Originally uploaded by helen beeson
Having seen advertisements for an overpriced "village stay in an authentic keralan village" we decide, incorrectly, that maybe there will be an entrepreneurial family in the same village that will let us sleep in their living room with them for much less. We take a ferry ride up the maze of palm-lined waterways, spying on life in the villages that dot the levies dividing the sunken electric-green rice paddies. The afternoon ferry is full of school-children (the only kind of children you see in Kerala, impressively) and one young boy is writing page after page in a journal. The waterways are lined with red flags bearing either the hammer and sickle or Che Guevara. Once in Chennemkary, we discover we are wrong and get treated like idiots by a man who clearly takes most of the profit from the homestay, but we decide two hours in the village will be enough anyway. We walk the foot-wide paths through the rice-paddies and find a place to go swimming in the canal/river. We are learning about modesty - no full kaftans and we feel indecent with our bare shoulders sticking out of our full-length sarongs. The water is murky brown and delightfully cool. We dry and wait for the ferry back to Allapuzha. The homestay advertises itself as being an hour and half ferry ride from any roads but a group of teenage boys having a party on the dock tell us to take a boat five minutes the other direction and hop on the bus that goes on the freeway. They are listening to music on their cell phones and Lauren asks facetiously "Britney Spears?" They are insulted and say "No. Smack that". Any inappropriate interest in us is channeled, as usual, into polite inquiries: "your good name? which country?"

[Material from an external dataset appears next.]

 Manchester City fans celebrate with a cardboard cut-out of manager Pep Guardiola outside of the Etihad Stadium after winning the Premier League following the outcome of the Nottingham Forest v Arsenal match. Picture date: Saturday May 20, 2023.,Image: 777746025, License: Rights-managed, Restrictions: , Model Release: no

Back in Alleppey we get fresh pineapple carrot juice from a street vendor and our previous homestay owner hollers at us, says i told you so and gives us both a ride home through the city on his motorcycle. We have a beer with him and he performs his voice imitations of famous Malayali actors, saying he does them with some of his friends at all their religious ceremonies (?). He is about 35 but asks us not to tell his brother that he had a beer, because he will tell their parents, and that will be "big problem". We are thoroughly impressed with Kerala's kindness, honesty and wholesomeness.

Monday, February 23, 2009

Munnar, Kerala

skin hooks
Originally uploaded by helen beeson
Six hours from the coast into the Western Ghats (mtns) we hopped off the bus into a parade and discovered what serious religious devotion can look like here. Two men were swinging through the air about ten feet up, their bodies suspended in the air with lines attached to metal hooks stuck through the skin on their backs and legs and attached at the other end to a giant pulley five feet above them, the whole contraption pulled by a small decorated tractor and surrounded by people yelling and chanting along with the swinging man. Following them up were women with hooks attached to lines in their backs, dancing wildly as if puppeted by the man holding the ends of the lines. A group of men drummed, costumed children danced, women carried decorated umbrellas, a few women danced with six foot long metal poles stuck through their cheeks, and long rows of women in beautiful sarees struggled to pull huge wooden floats by giant ropes.

The next day was normal - as if all the days before it forever had passed uneventful, like nobody had been out of their mind on faith the day before. We rented a moto and followed fancy Bombayite couples and their drivers to the sites, snaking higher up the mountain through lush tea estates that cover all but the very vertical of land, a stark contrast to the otherwise dry hills. In town we fell in love with an assortment of charming mini-dhoti-sporting older men over ginger chai, soda water, one hand sewn sack (the standard box for mailing), and peas masala. We threw around our few words in Malayalam as much as possible, exclaiming "beautiful!" or "beautiful place!" as often as possible and savouring the smiles it received.